### Data segment
====================

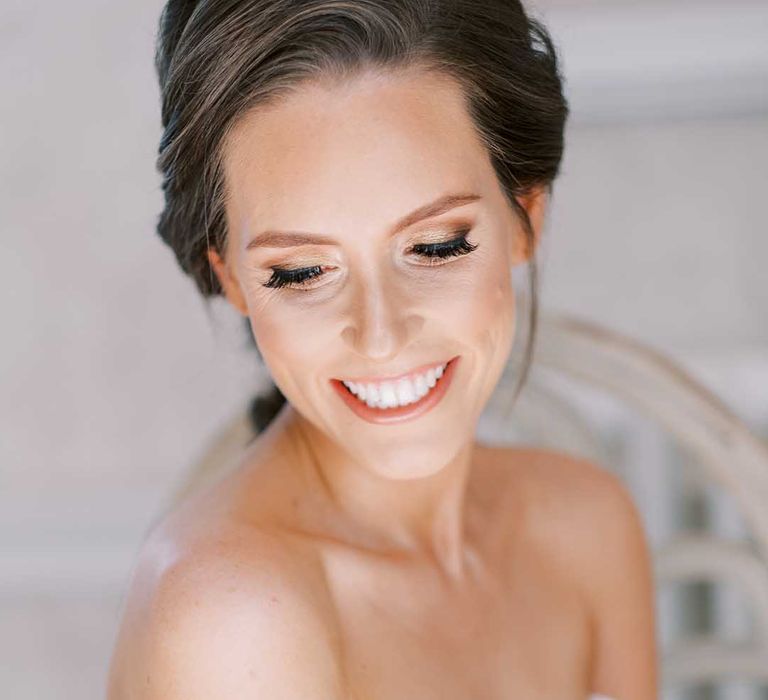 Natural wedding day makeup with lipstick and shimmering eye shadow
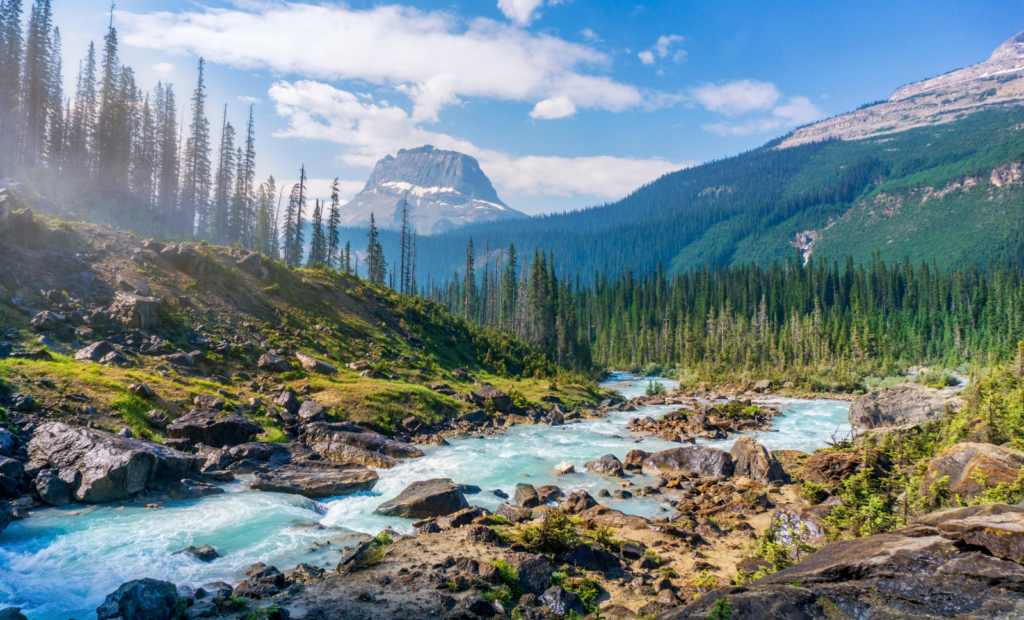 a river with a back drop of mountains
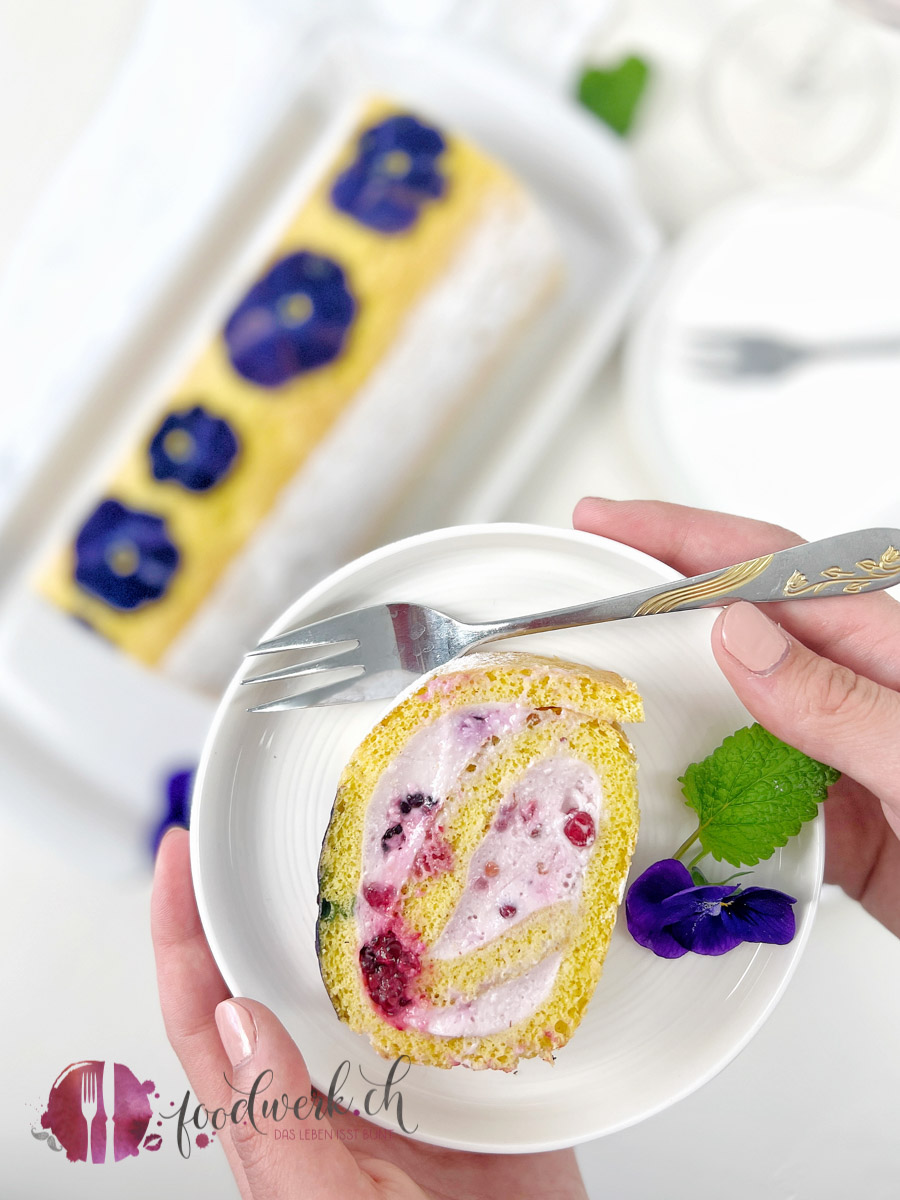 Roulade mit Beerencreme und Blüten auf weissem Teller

====================

### About this task
Without any pictures, please write out the lines from the one containing "a river with a back drop of mountains" through the final line of the data, exactly and inclusive of both ends.

### Finished exercise
 a river with a back drop of mountains
 Roulade mit Beerencreme und Blüten auf weissem Teller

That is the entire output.